WORK TASK
Return the data word for word. Pictures are to be omitted.

━━ DATA EXCERPT

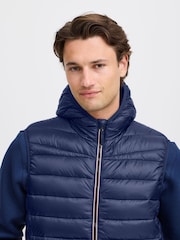 Blend Navy Blue Coat Hooded Gilet - Image 3 of 5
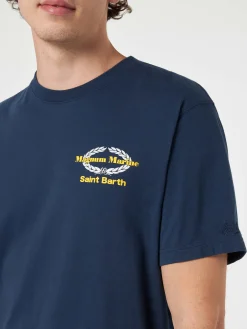 T-shirt da uomo in cotone con stampa Magnum Marine & Saint Barth davanti e dietro | EDIZIONE SPECIALE MAGNUM MARINE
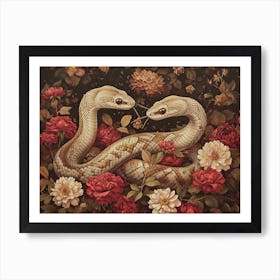 Floral Animal Illustration Snake 1 Art Print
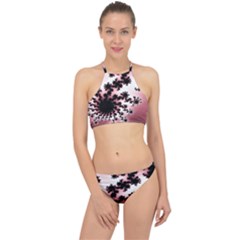 Fractal Pattern Pink Racer Front Bikini Set by Wegoenart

━━━━

EXERCISE ANSWER
 Blend Navy Blue Coat Hooded Gilet - Image 3 of 5
 T-shirt da uomo in cotone con stampa Magnum Marine & Saint Barth davanti e dietro | EDIZIONE SPECIALE MAGNUM MARINE
 Floral Animal Illustration Snake 1 Art Print
 Fractal Pattern Pink Racer Front Bikini Set by Wegoenart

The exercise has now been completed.